This study aims to investigate the role and mechanism of ubiquitin-specific protease 3 (USP3) in cisplatin (DDP) in non-small cell lung cancer (NSCLC). USP3 expression in NSCLC cells was detected using reverse transcription quantitative PCR and Western blot. DDP-resistant cells were constructed and cell counting kit-8 assay determined the IC 50 of cells to DDP. USP3 expression was silenced in DDP-resistant cells, followed by detection of cell proliferation by clone formation assay, iron ion contents, ROS, MDA, and GSH levels by kits, GPX4 and ACSL4 protein expressions by Western blot. The binding between USP3 and ACOT7 was analyzed using Co-IP, and the ubiquitination level of ACOT7 was measured. USP3 and ACOT7 were highly expressed in NSCLC cells and further increased in drug-resistant cells. USP3 silencing reduced the IC 50 of cells to DDP and diminished the number of cell clones. Moreover, USP3 silencing suppressed GSH and GPX4 levels, upregulated iron ion contents, ROS, MDA, and ACSL4 levels, and facilitated ferroptosis. Mechanistically, USP3 upregulated ACOT7 protein expression through deubiquitination. ACOT7 overexpression alleviated the promoting effect of USP7 silencing on ferroptosis in NSCLC cells and enhanced DDP resistance. To conclude, USP3 upregulated ACOT7 protein expression through deubiquitination, thereby repressing ferroptosis in NSCLC cells and enhancing DDP resistance.

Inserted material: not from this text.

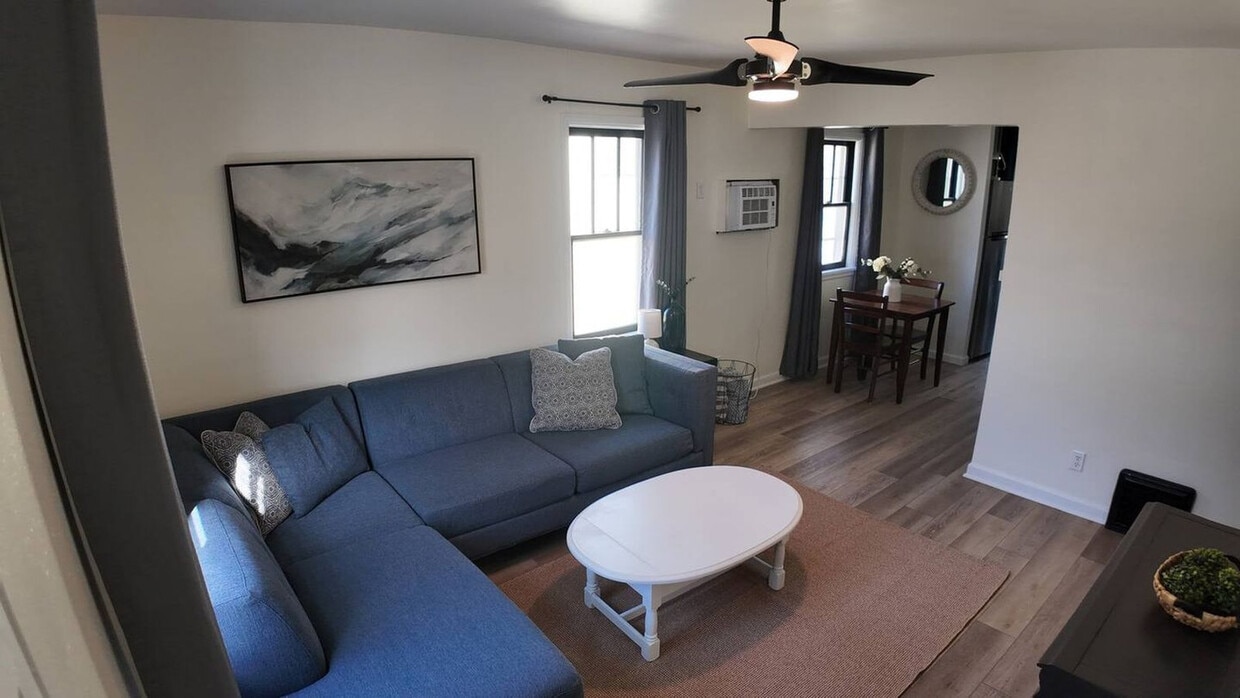 Foto principal - 1420 E 9th St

USP3 通过抑制 ACOT7 调控的铁凋亡促进非小细胞肺癌细胞对顺铂的耐药性。
本研究旨在探讨泛素特异性蛋白酶3(USP3)在顺铂(DDP)治疗非小细胞肺癌(NSCLC)中的作用和机制。利用反转录定量 PCR 和 Western 印迹检测 USP3 在 NSCLC 细胞中的表达。构建了耐 DDP 细胞,并通过细胞计数试剂盒-8 检测确定了细胞对 DDP 的 IC50。在 DDP 抗性细胞中抑制 USP3 的表达,然后用克隆形成试验检测细胞增殖,用试剂盒检测铁离子含量、ROS、MDA 和 GSH 水平,用 Western 印迹检测 GPX4 和 ACSL4 蛋白表达。利用 Co-IP 分析了 USP3 和 ACOT7 之间的结合,并测定了 ACOT7 的泛素化水平。USP3和ACOT7在NSCLC细胞中高表达,在耐药细胞中进一步增加。沉默 USP3 可降低细胞对 DDP 的 IC50,并减少细胞克隆的数量。此外,USP3沉默抑制了GSH和GPX4水平,上调了铁离子含量、ROS、MDA和ACSL4水平,并促进了铁变态反应。从机制上讲,USP3 通过去泛素化上调了 ACOT7 蛋白的表达。ACOT7 的过表达减轻了 USP7 沉默对 NSCLC 细胞铁凋亡的促进作用,并增强了 DDP 抗性。总之,USP3通过去泛素化上调ACOT7蛋白的表达,从而抑制NSCLC细胞中的铁蛋白沉积,增强对DDP的抗性。
本文章由计算机程序翻译,如有差异,请以英文原文为准。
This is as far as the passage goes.